Recently, Today’s Dietitian released a list of foods with surprising amounts of fiber, many of which are plant-based. You might be wondering, what’s so great about fiber? Fiber provides more than just “roughage.” High-fiber foods are a great source of healthful, disease-fighting nutrients.

The 2010 Dietary Guidelines for Americans recommend 25 g of fiber per day for women and 38 g per day for men, as well as a dietary pattern with plenty of fiber-rich plant foods. Higher fiber diets are linked to a decreased risk of breast cancer and stroke, and may reduce systemic inflammation. The American Heart Association recommends high-fiber foods for weight management and reduction of cardiovascular disease (CVD) risk, and the American Diabetes Association recommends these foods for blood glucose control.

Are you getting enough fiber? Here are eight unexpected plant-based, fiber-rich foods that you can start including in your diet:

  1. Artichokes

Artichokes have a high amount of fiber, 10.3 g of fiber, or 41% DV. Canned artichoke hearts or fresh artichokes are available at most supermarkets.

  1. Avocados

Avocados provide 54% DV for fiber. Rich, creamy avocados are delicious when diced into a salad or sliced on top of a sandwich. Hello, guacamole!

  1. Collard Greens

One cup of boiled, chopped collard greens provides 30% DV of fiber, which is three times the fiber of kale. Collards are delicious when sautéed, steamed, baked, fried, blanched, or added to soups, stews, or bean dishes.

  1. Dates

Dates are a sweet source of fiber, and one Medjool date provides 6% DV for dietary fiber. Add dates to baked goods, salads or even to a mixture of nuts for a healthy snack.

  1. Lentils

One cup of boiled lentils has 15.6 g of fiber, which is more than 62% DV for dietary fiber. Lentils are great in soups and stews. Plus, you can top salads with lentils.

  1. Potatoes

Although potatoes are often referred to as a “starchy” vegetable, potatoes actually are quite good for your diet. One large Russet potato with the skin on provides 6.9 g of fiber, nearly 28% DV for dietary fiber.
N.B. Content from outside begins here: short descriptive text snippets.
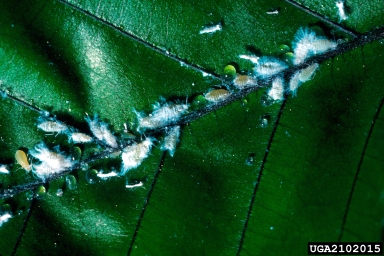 woolly beech aphid (Phyllaphis fagi ) on European beech (Fagus sylvatica ) - 2102015
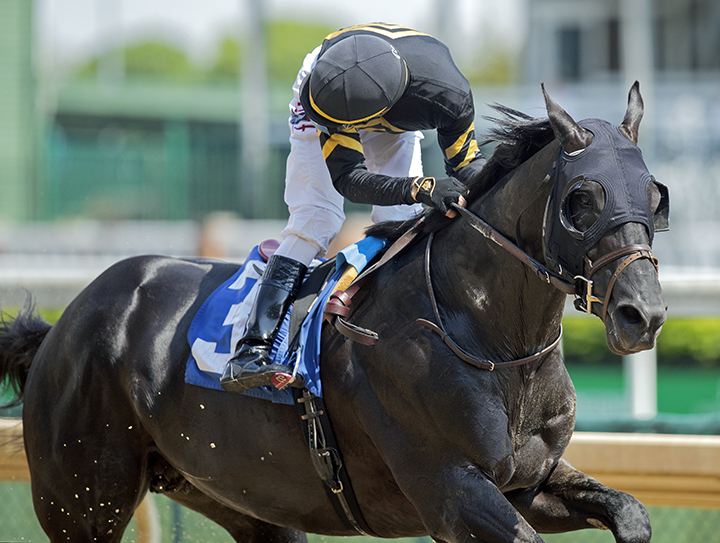 Sonneteer wins the 2019 Marathon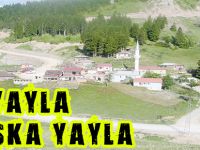 BU YAYLA BAŞKA YAYLA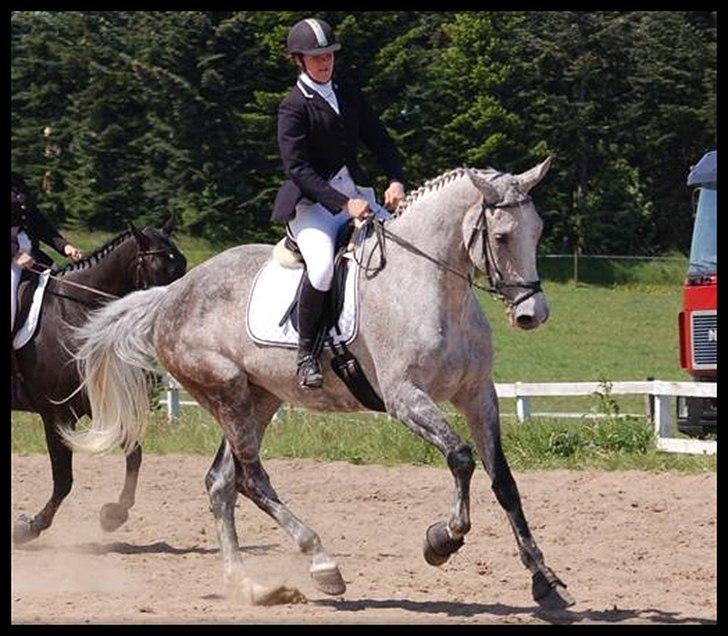 Holstener - Picadelly - *Fra dressurstævnet i Boller Rideklub, opvarmningen til LC2, hvor vi fik en blå sløjfe med 62,17%, maj 2009* billede 11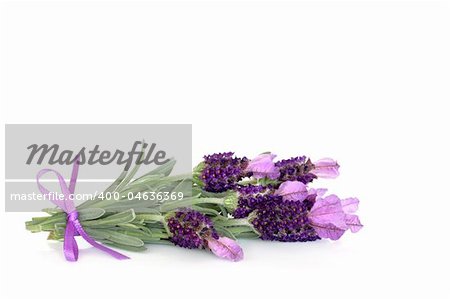 Lavender herb flowers isolated over white background.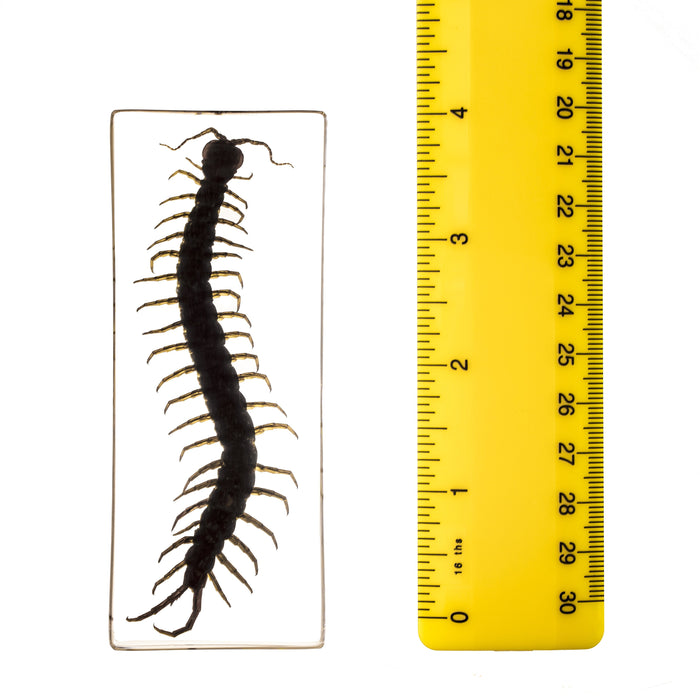 Real Centipede in Acrylic Paperweight (Large)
The great part about potatoes is that they can be cooked in multiple ways — baking, roasting, sautéing, and boiling with the skin on are all great ways to ensure you are getting all of this veggie’s healthful fiber.

  1. Quinoa

Although quinoa typically is considered a whole grain, it’s actually the seed of a grain-like crop that is closely related to beets. Quinoa has 5.2 g of fiber in one cup, which provides more than 20% DV for dietary fiber.

  1. Raspberries

Raspberries surprisingly have twice the fiber of blueberries or strawberries. One cup of raspberries provides 8 g of fiber and 32% DV for dietary fiber. Create some delicious vegan pancakes topped with raspberries for breakfast, or even add them to your salad.

Enjoy this recipe, courtesy of Brooklyn-based food blogger, Kristen Baughman. Avocados are high in fiber and this guacamole is great on it’s own, served with Mexican food, or even to create avocado toast!

Guacamole Recipe


2 avocados, halved, seeded and peeled

1 lime, juiced

1/2 teaspoon of salt

1 serrano pepper

1 tomato, diced

1/2 medium onion, diced

1 tablespoon chopped cilantro


In a large bowl place the scooped avocado pulp and lime juice. Using a potato masher, add the salt and mash. Then, fold in the serrano pepper, tomatoes, onions and cilantro. Squeeze lime juice into the finished product. Serve with tortilla chips and a margarita for the best results!